• **About this task**
Every entry in the data that follows should come back exactly, pictures aside.

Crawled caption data
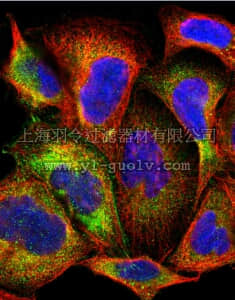merck millipore,默克密理博,ABF268,Anti-OAS1 Antibody
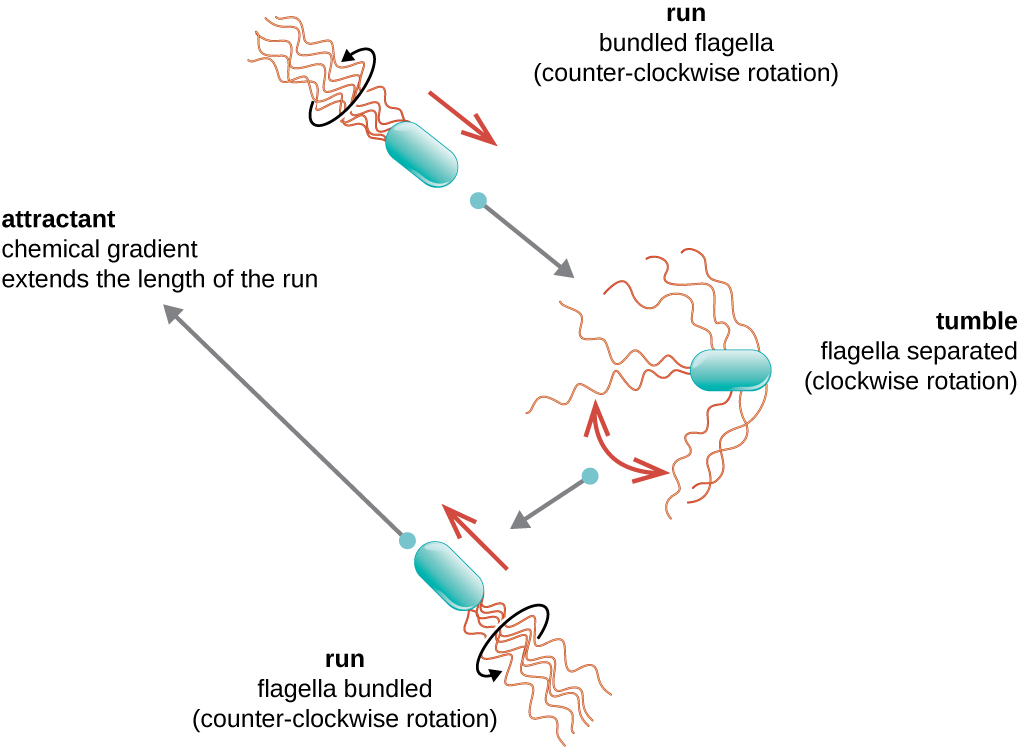 A diagram showing the run and tumble motion of motile bacteria.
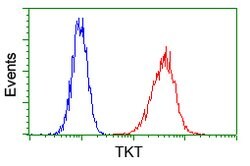 TKT Mouse anti-Human, Clone: OTI5H3, lyophilized, TrueMAB 100 &mu;g; Unconjugated:Antibodies,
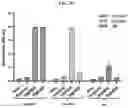 Fig. 91 - FULLY-HUMAN POST-TRANSLATIONALLY MODIFIED ANTIBODY THERAPEUTICS
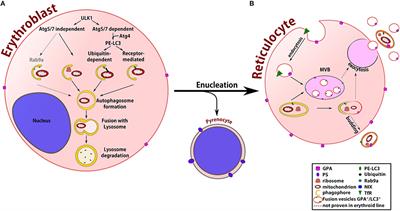 Frontiers From Erythroblasts To Mature Red Blood Cells Organelle Clearance In Mammals Physiology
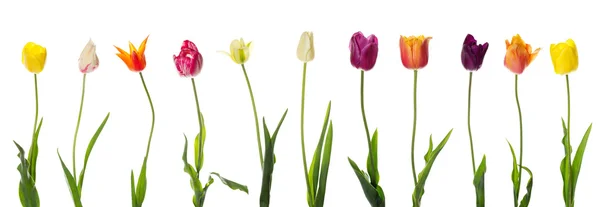 Tulipanes bastante aislados Imágenes de stock libres de derechos
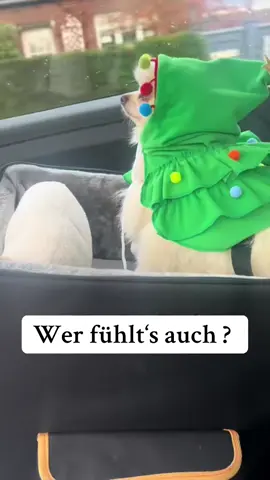 Noch 66 Tage bis Weihnachten 🎅? #dogsoftiktokviral #foryou 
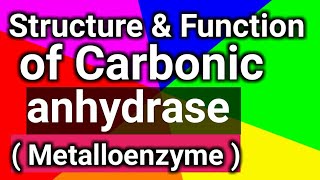 structure amp function of Carbonic anhydrase Metalloenzyme [upl. by Nawk]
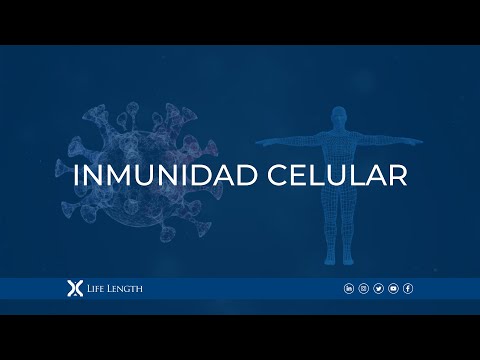 Video: ¿Qué es la inmunidad celular al coronavirus y cómo probarla?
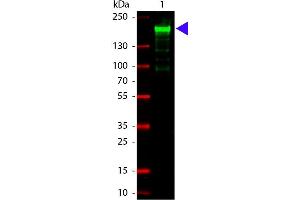 Fluorescene Western (FW) image for anti-alpha-2-Macroglobulin (A2M) antibody (ABIN103762) (alpha 2 Macroglobulin 抗体)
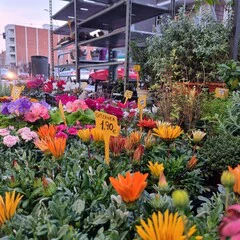 Foto 17 de 20 de la galería galeria-de-imagenes-tomadas-con-el-samsung-galaxy-s21 en Xataka Móvil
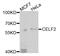 CUGBP Elav-Like Family Member 2 antibody, MBS9126912, MyBioSource, Western Blot image 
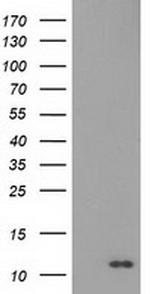 S100A12 Antibody in Western Blot (WB)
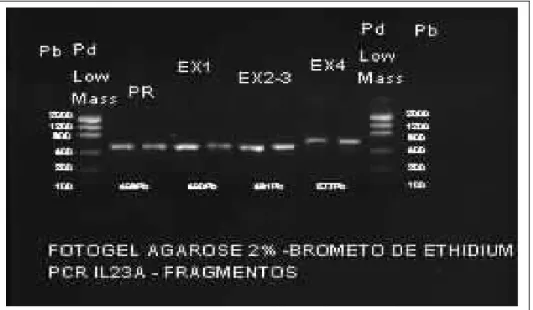 Figura 7. Foto do gel de agarose a 2%, mostrando o tamanho dos fragmentos do  gene 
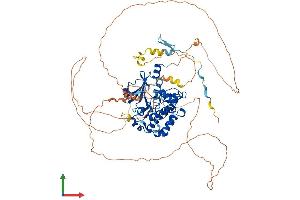 AlphaFold protein structure predicition of Human Recombinant PAK5 Protein, UniprotID Q9P286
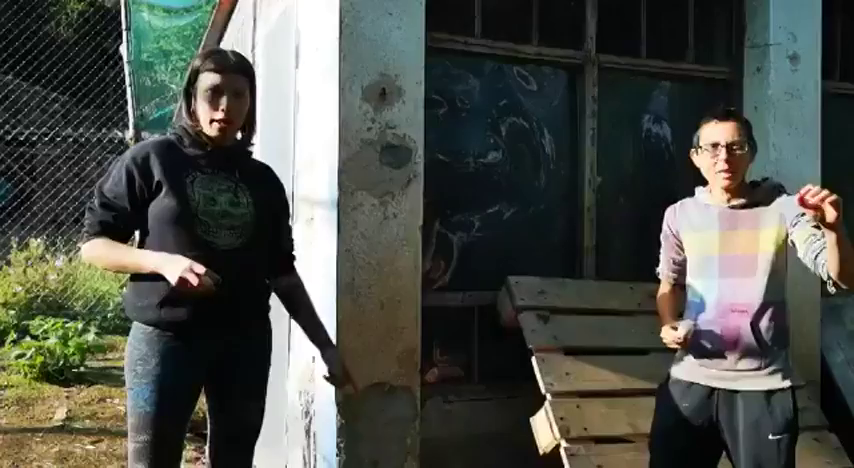 Se viraliza el vídeo de las animalistas que separan a gallos de gallinas "porque las violan" Se viraliza el vídeo de las animalistas que separan a gallos de gallinas "porque las violan"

• **Output for this task**
merck millipore,默克密理博,ABF268,Anti-OAS1 Antibody
 A diagram showing the run and tumble motion of motile bacteria.
 TKT Mouse anti-Human, Clone: OTI5H3, lyophilized, TrueMAB 100 &mu;g; Unconjugated:Antibodies,
 Fig. 91 - FULLY-HUMAN POST-TRANSLATIONALLY MODIFIED ANTIBODY THERAPEUTICS
 Frontiers From Erythroblasts To Mature Red Blood Cells Organelle Clearance In Mammals Physiology
 Tulipanes bastante aislados Imágenes de stock libres de derechos
 Noch 66 Tage bis Weihnachten 🎅? #dogsoftiktokviral #foryou 
 structure amp function of Carbonic anhydrase Metalloenzyme [upl. by Nawk]
 Video: ¿Qué es la inmunidad celular al coronavirus y cómo probarla?
 Fluorescene Western (FW) image for anti-alpha-2-Macroglobulin (A2M) antibody (ABIN103762) (alpha 2 Macroglobulin 抗体)
 Foto 17 de 20 de la galería galeria-de-imagenes-tomadas-con-el-samsung-galaxy-s21 en Xataka Móvil
 CUGBP Elav-Like Family Member 2 antibody, MBS9126912, MyBioSource, Western Blot image 
 S100A12 Antibody in Western Blot (WB)
 Figura 7. Foto do gel de agarose a 2%, mostrando o tamanho dos fragmentos do  gene 
 AlphaFold protein structure predicition of Human Recombinant PAK5 Protein, UniprotID Q9P286
 Se viraliza el vídeo de las animalistas que separan a gallos de gallinas "porque las violan" Se viraliza el vídeo de las animalistas que separan a gallos de gallinas "porque las violan"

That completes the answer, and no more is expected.